Recovery signs are getting better for fast-moving consumer goods (FMCG) companies in the December quarter (Q3) of FY21. This week, Marico, Godrej Consumer (GCPL) and Tanishq, which is the jewellery division of Titan, said they expected double-digit sales growth in Q3, coming on the back of strong demand in the festive season. The statements were part of their quarterly updates.
However, analysts caution that the recovery could be hampered by commodity inflation, which is growing steadily. In the past four months, crude oil, for instance, has jumped nearly 25 per cent, data compiled by BS Research shows. A spike in the price of crude affects derivatives such as linear alkyl benzene (LAB) and high-density polyethylene (HDPE).

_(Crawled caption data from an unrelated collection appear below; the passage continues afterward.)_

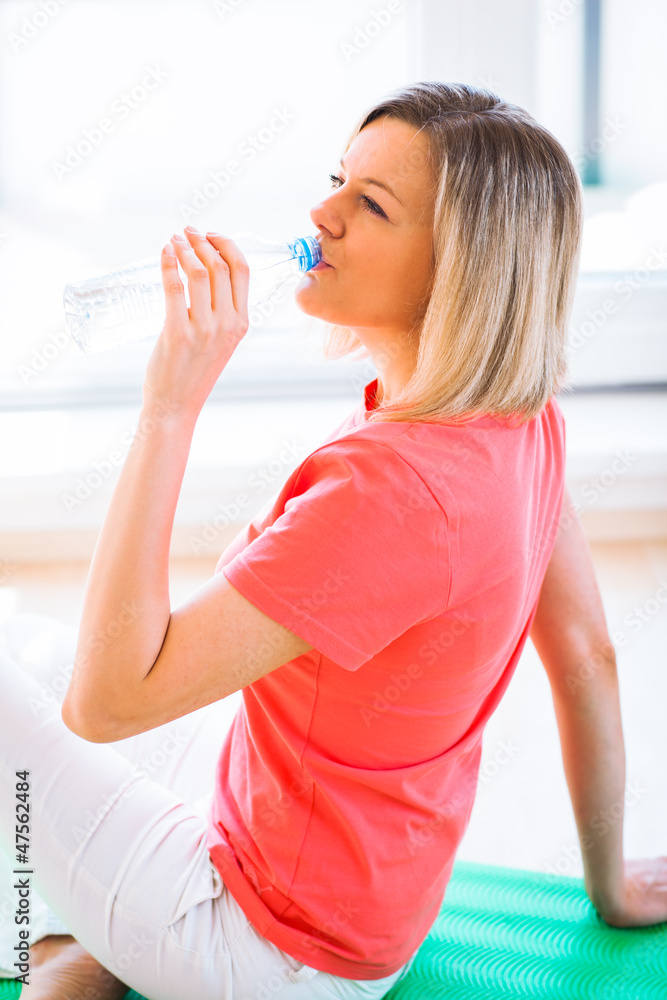 Pretty young woman refreshing during workout at home Pretty young woman refreshing during workout at home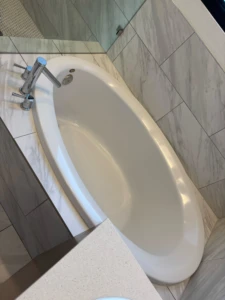 Sparkling clean white oval bathtub with polished chrome faucets, showcasing a detailed move out clean Austin result.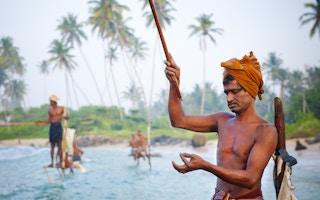 A Sri Lankan traditional stilt fisherman gets ready for the day's catch.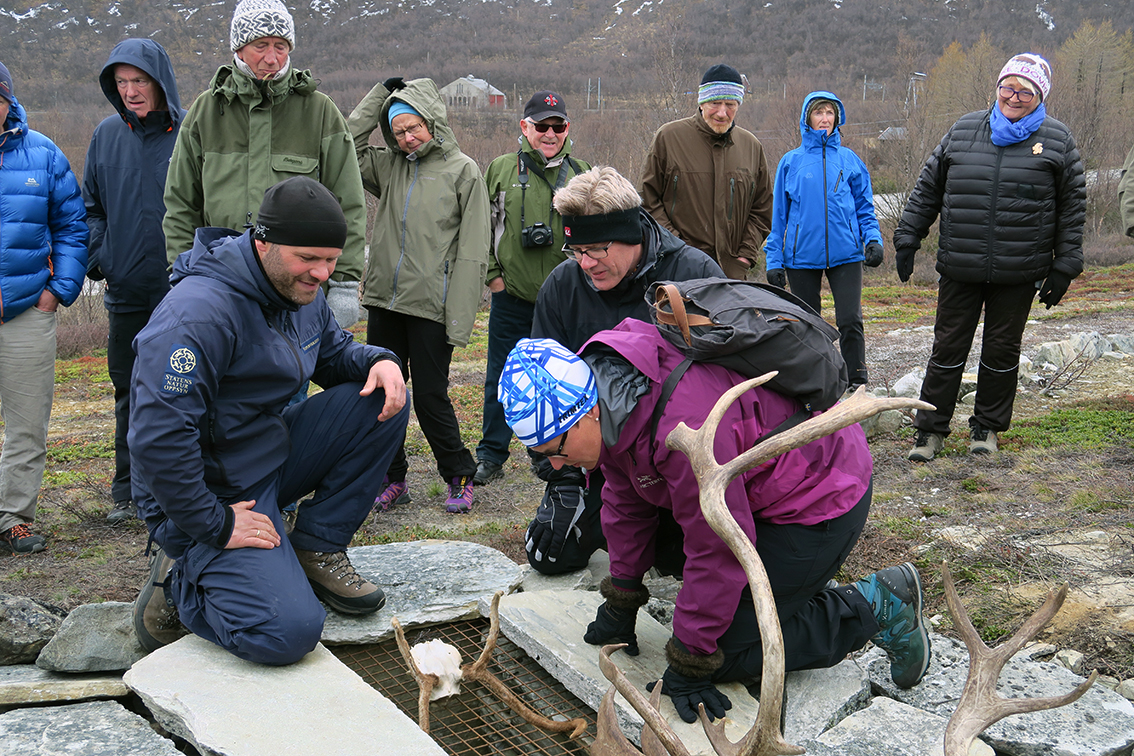Klima- og miljøminister Tine Sundtoft sjekker en av de rekonstruerte fangstgropene for villrein. Dyktig informant er SNOs Espen Rusten (til venstre). Foto: A. Nyaas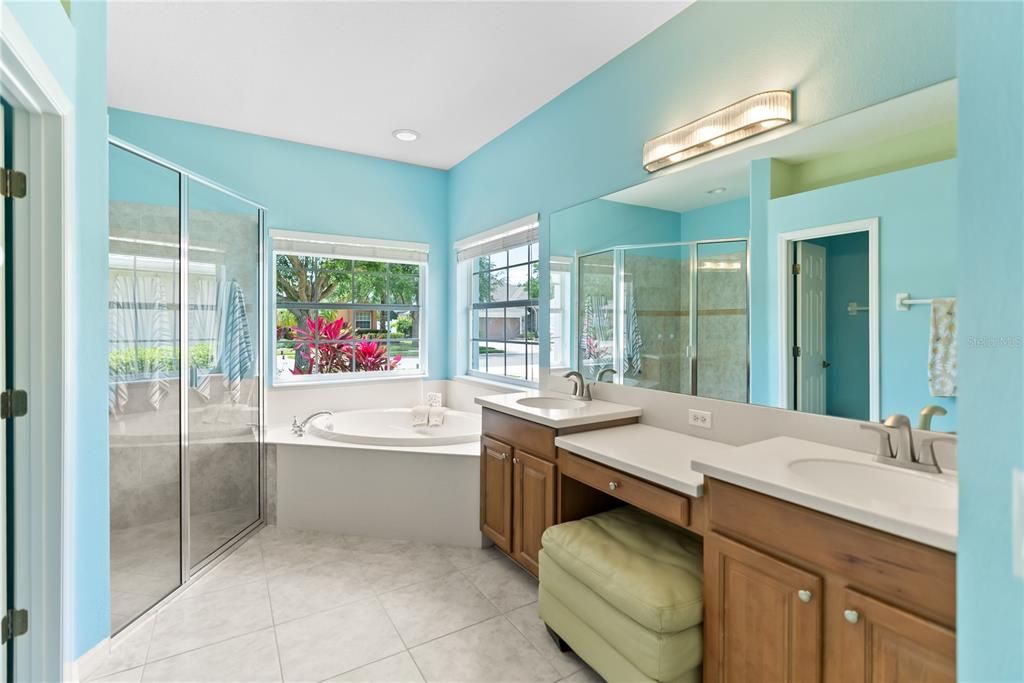 Primary Bathroom w/ Dual Sinks, Walk-in Shower, Garden Tub and Two Walk-in Closets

LAB, for the uninitiated, is used in making detergents and constitutes 60-70 per cent of the latter’s input cost. HDPE is used in packaging material for all essential consumer items from soaps to detergents, hair oils, creams, shampoos and toothpastes. Packaging costs of these products constitute 15-20 per cent of overall production cost for companies.
An increase in price of these inputs, said G Chokkalingam, founder of Equinomics Research & Advisory, would hurt margins for companies, putting pressure on them to raise product prices.
Palm oil, which goes into the production of soaps, has jumped 27 per cent since September, while copra, an input used to make coconut oil, has increased 31 per cent.
Companies admit that price hikes are imminent. “Price hikes will be there in the March quarter (Q4) because companies will not be able to absorb input cost pressures like they did in Q3. But I expect price hikes to be judicious so that consumer sentiment is not impacted much,” Mohit Malhotra, chief executive officer (CEO), Dabur India, said.
Harsh Mariwala, chairman, Marico, said, “A lot depends on what is your portfolio of products and where is the inflation coming from. If price hikes are done in a calibrated manner, the impact will not be severe. Consumers will be able to stomach the price hike.”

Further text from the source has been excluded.